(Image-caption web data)
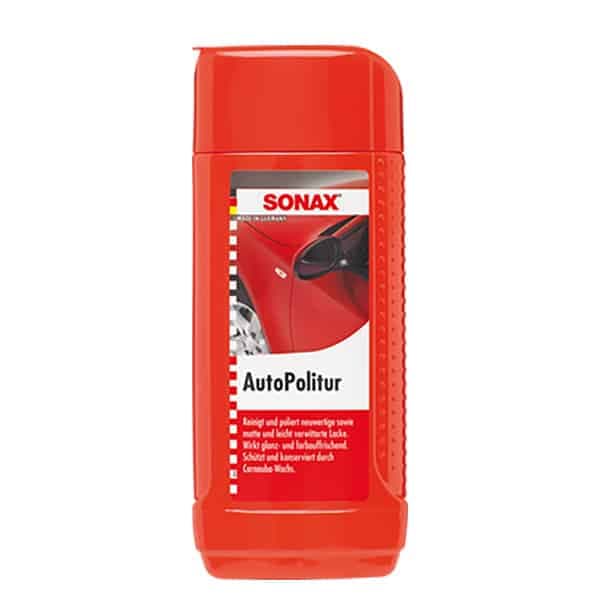 Авто полир - Sonax 300100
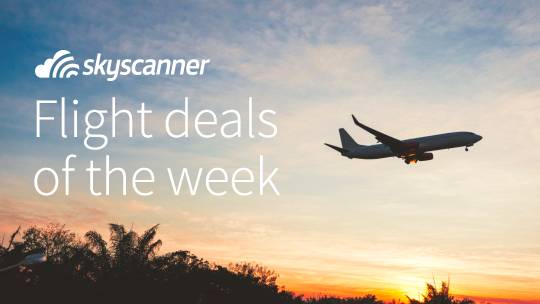 10 cheap flights for winter sun from £50 return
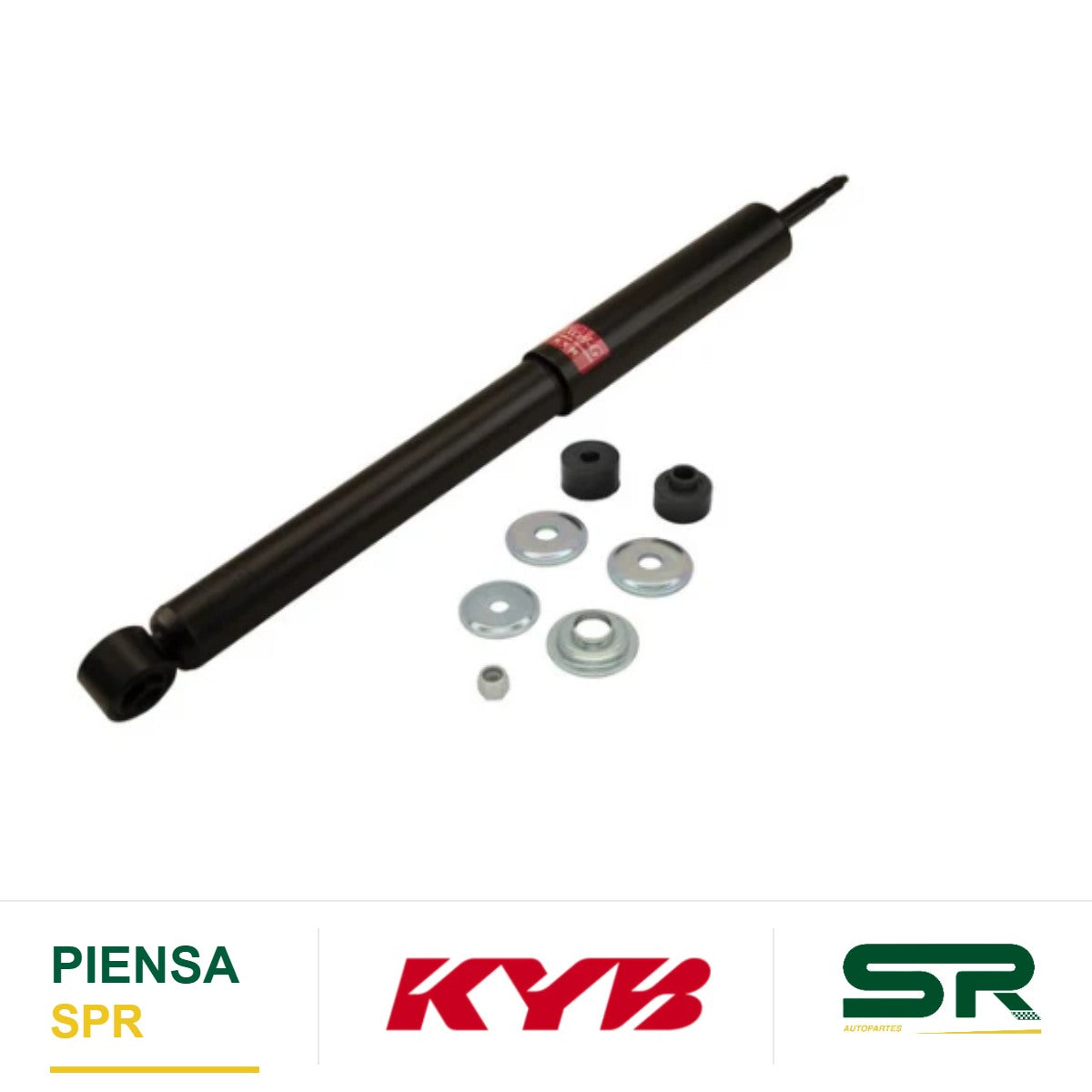 AMORTIGUADOR TRASERO GAS EXCEL-G TOYOTA SEQUOIA (2001-2007). EXP AUTONIVELANTE KYB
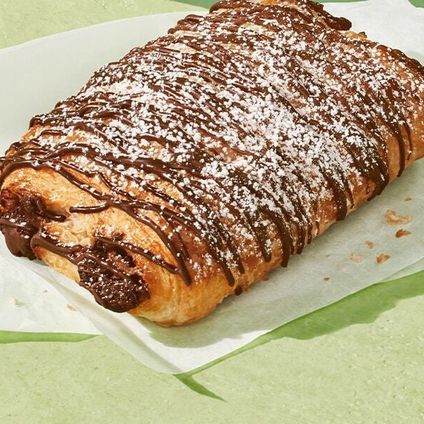 Chocolate Croissant Boxed Breakfast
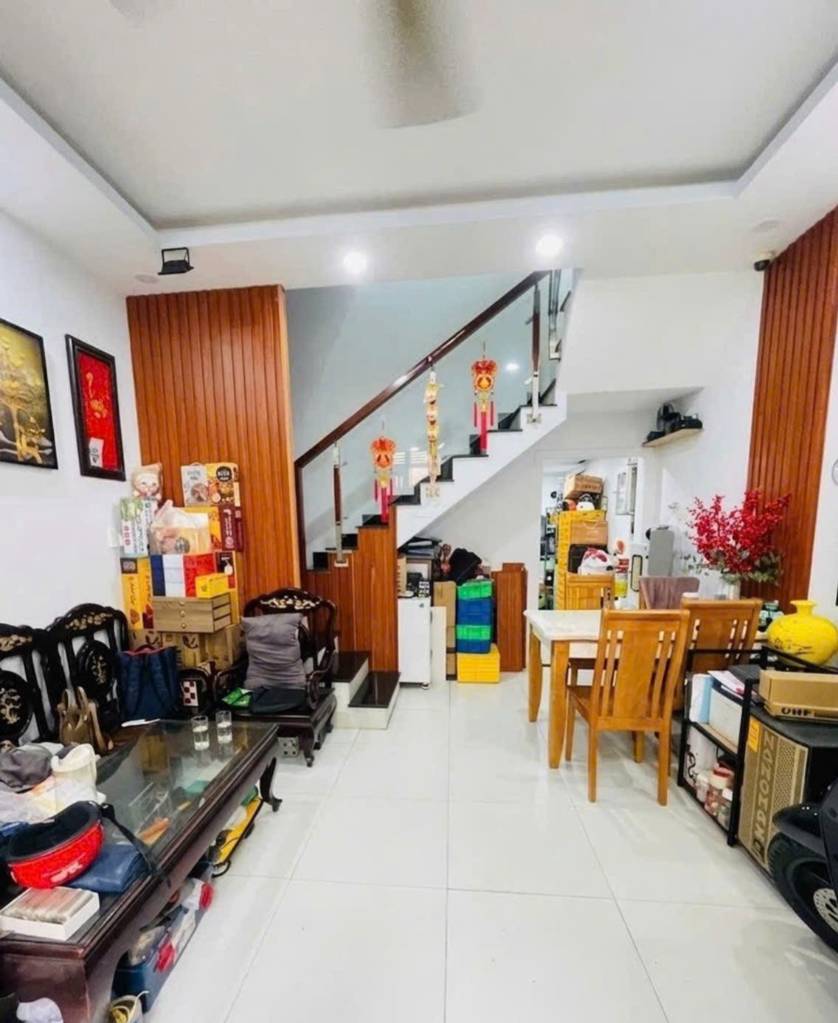 Bán nhà Tây Thạnh Tân Phú, dt 40m2 2 tầng 2PN hẻm xe hơi giá 5,1 tỷ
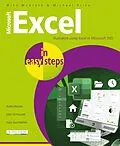 E-Book (epub) Microsoft Excel in easy steps von Mike Mcgrath & Michael Price
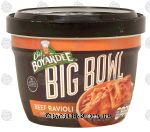 Chef Boyardee&nbsp;&nbsp;beef ravioli in tomato & meat sauce Center Front Picture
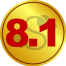 8.1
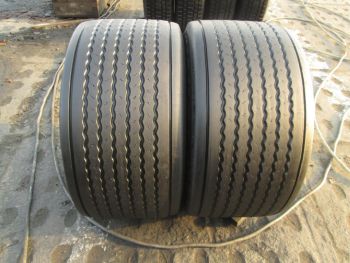 Opony ciężarowe używane 445-45R19.5 Michelin XTA2+ ENERGY 312926-0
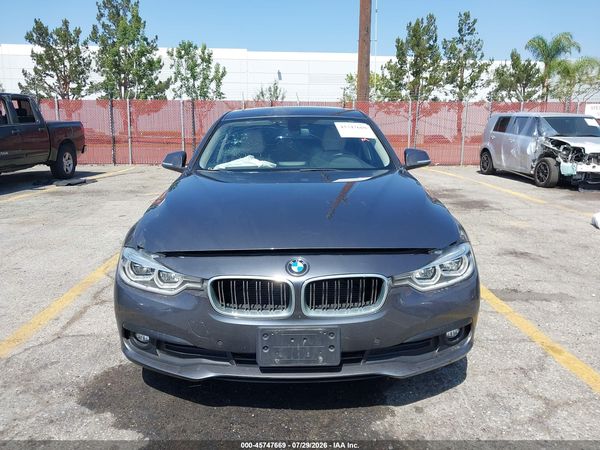 2018 BMW 320I
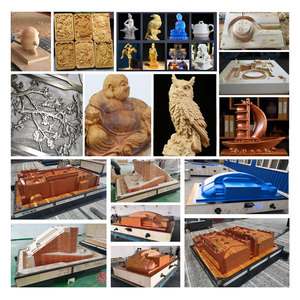 Routeur CNC professionnel 5 axes 8 outils avec ATC pour le traitement du <span class=keywords><strong>bois</strong></span> et de la mousse, découpe haute précision - Product Image 5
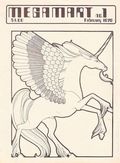 Megamart (1979-1980 Bjo Trimble) Fanzine 1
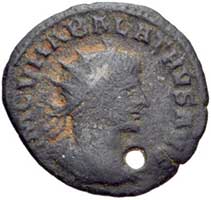 Obverse coin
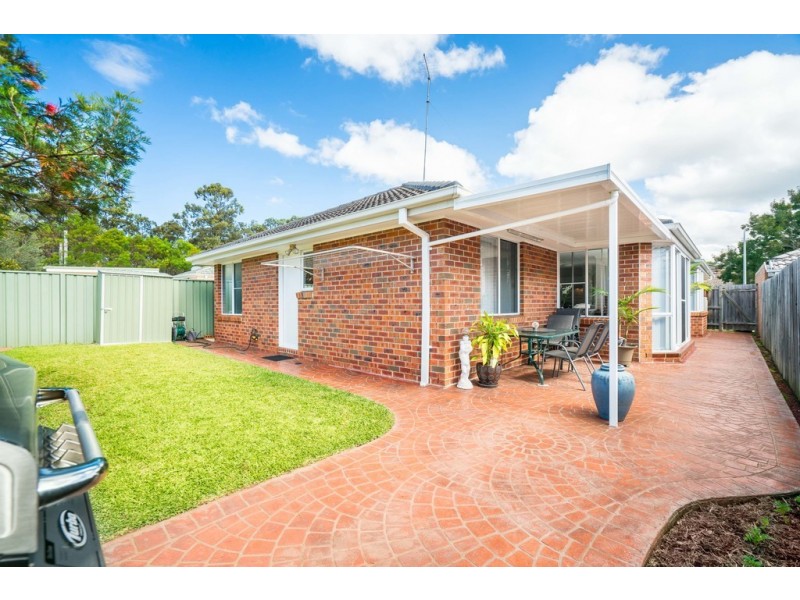 Wattle Grove NSW 2173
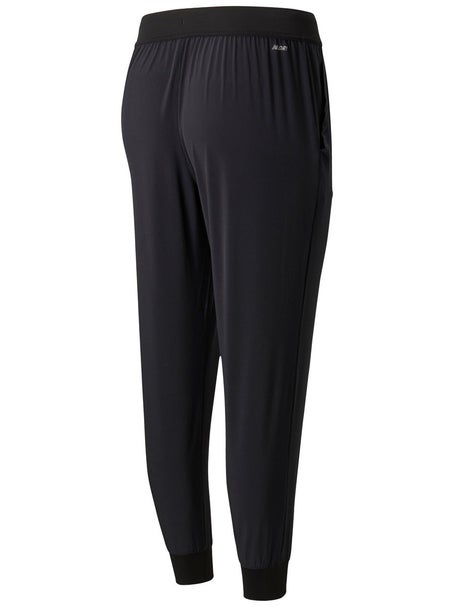 New Balance Accelerate Tights Trousers Black Size Large LN021 AA 05
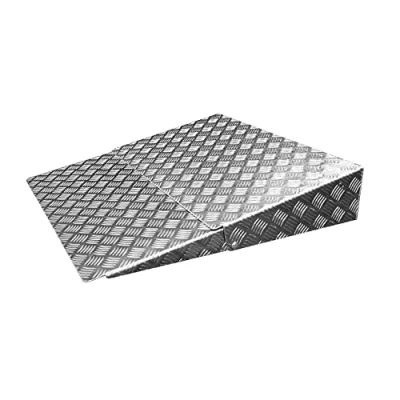 Image of Foldable Door Ramp British Made (7&quot; Ramp)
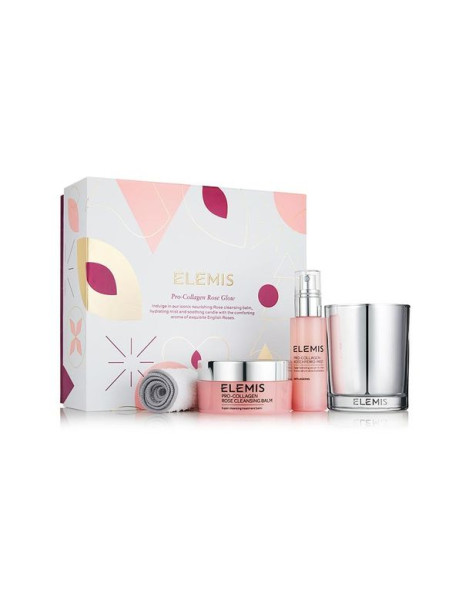 Elemis Pro-Collagen Rose Glow Изысканный набор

__Problem__: Starting at the line that holds "Obverse coin", print each line through the last one of the entries above, exactly and with both ends included; no pictures.

__Task answer__:
 Obverse coin
 Wattle Grove NSW 2173
 New Balance Accelerate Tights Trousers Black Size Large LN021 AA 05
 Image of Foldable Door Ramp British Made (7&quot; Ramp)
 Elemis Pro-Collagen Rose Glow Изысканный набор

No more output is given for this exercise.